The Circular Economy Paradigm

Improving the efficiency with which the European Union uses resources is a priority in the face of an ever increasing population and corresponding growth of consumption well above the regenerative capacity of nature. In June 2015, MEP Pietikainen said that the current way in which resources are being used is unsustainable and that we need “a true paradigm shift like with Copernicus or Galileo Galilei”. She later added that the circular economy is the paradigm shift we need, as it is a “systemic change” as well as a “huge, hidden, business opportunity”.

Vibrant economies are dependent on contingent conditions which gradually evolve over time, and there is indeed not much sense in trying to replicate the industrial models of the past when confronted with an absolute environmental barrier. Therefore, rather than focusing on an antiquated relationship between companies and consumers, with its train of ancient world views and opinions, the attainment of systemic change requires re-examining that relation before it can ossify any further. Since the industrial revolution, production and consumption patterns have developed according to a linear perspective on growth based on the assumption that resources are abundant and can be easily disposed of. But this way of thinking threatens the sustainability of our economic model as demand and competition for finite and scarce resources put pressure on our industrial global competitiveness through environmental degradation and fragility.

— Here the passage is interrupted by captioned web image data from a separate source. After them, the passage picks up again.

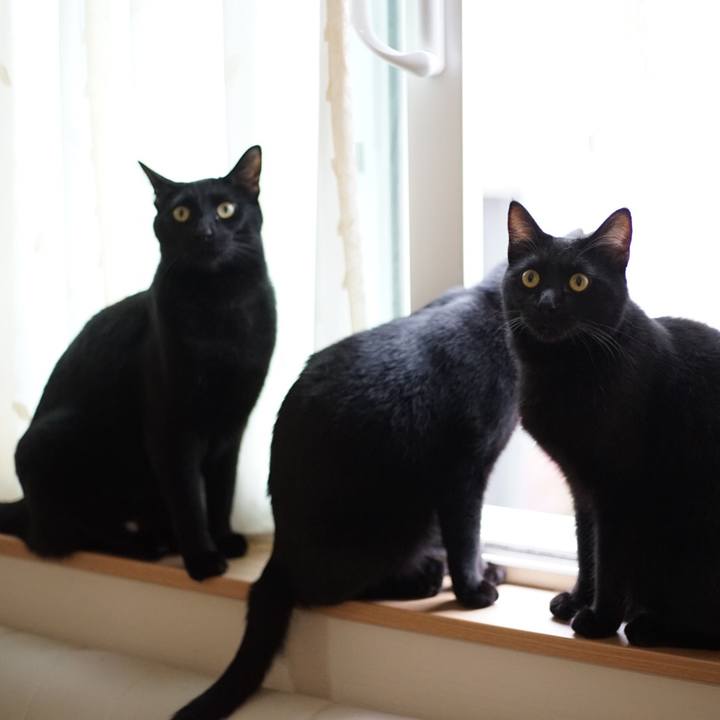 0a10bfbc 6268 4449 99ed 04a66c21bc07 1527551745745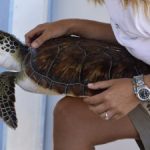 First-ever release of turtles in Cayman Brac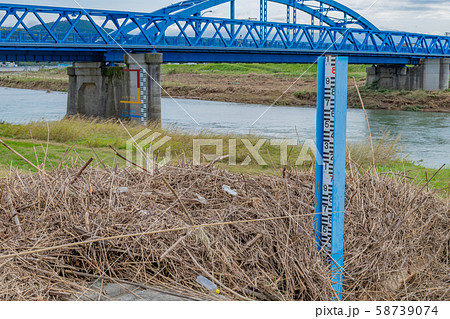静岡県伊豆の国市狩野川　台風通過後の水位計と漂流ゴミ 58739074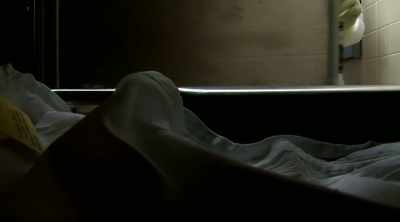 Wade: The autopsy report
raises many questions. - Mysteries of the Deep
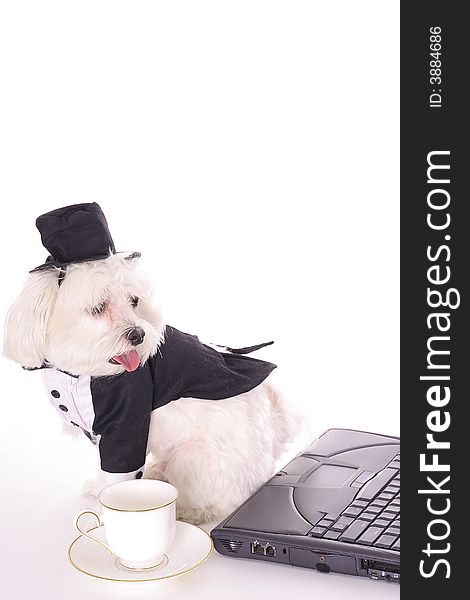 Business doggy with computer isolated on white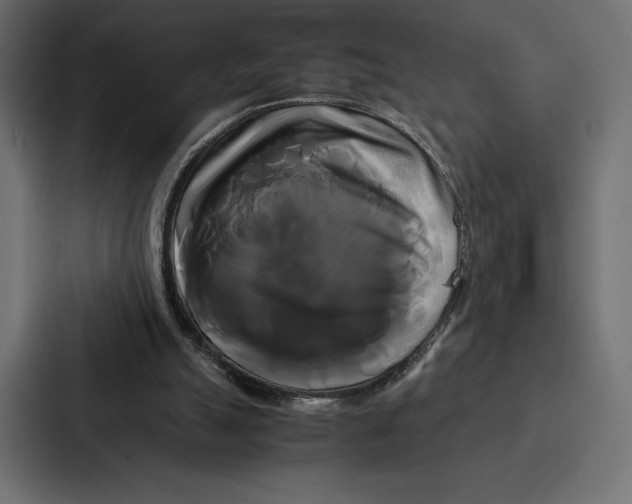 X0000086790055200705111823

With the aim of facilitating a paradigm shift, the Commission adopted the Circular Economy Package on 2 December 2015, which includes revised legislative proposals on waste to stimulate Europe’s transition towards a circular economy.

Circular Economy

A circular economy seeks to retain the added value of products for as long as possible by productively reusing resources when a product has reached the end of its life. The Circular Economy Package sets out a number of political commitments to contribute to ‘closing the loop’ of products life-cycles by providing strong policy signals. Separate collection at source and methodologies to calculate recycling rates will ensure high quality recycling. Clear recycling targets will be set and materials will re-enter the economy as secondary raw materials. Landfilling will be virtually eliminated. Energy recovery will have a role to play with regard to non-reusable and non-recyclable waste.

Transitioning to a more circular economy ultimately requires changes throughout the entire economy, from designing products for longer use and easy repair or recycling to new business and market models, from new ways of turning waste into a resource to new modes of consumer behaviour.

Consumer behaviour

The attraction of a circular economy mostly lays in the promise of reconciling environmental and economic concerns in an integrated framework. This, in part, translates into the idea that consumers need to be empowered to make informed choices through better information on the environmental credentials of different products.

One way of informing consumers about resource use is by incorporating environmental information into the price of products so that these reflect both the cost of the product as well as any negative externalities associated with the product. In this respect, several MEP’s recently proposed to shift the cost of littering to producers. The logic behind this is perhaps the anticipation that producers will recalculate the product price according to the cost of litter prevention or collection, ultimately causing consumers to bear the burden of their own littering.

But as decisions in the value chain are connected and provide incentives between producers and consumers, a change in one variable may cause a shift in another. An increase in the price of a product could cause a shift in demand towards cheaper products and would not prevent littering per-se. Consumers form attitudes and routines which may keep economies ‘locked-in’ to the linear model as consumption habits hinder the transition towards a more circular economy. Consequently, pure information about the ecological and economic rationality of switching to a circular economy model will not necessarily be sufficient to help provoke a paradigm shift.

As paradigms rely on a critical community for their existence, a paradigm shift requires not only the revaluation of business models and industrial policies, but of established consumer behaviour as well. To attain veritable systemic change, consumers will play an important, if not the most important, role in a mental shift towards a circular economy.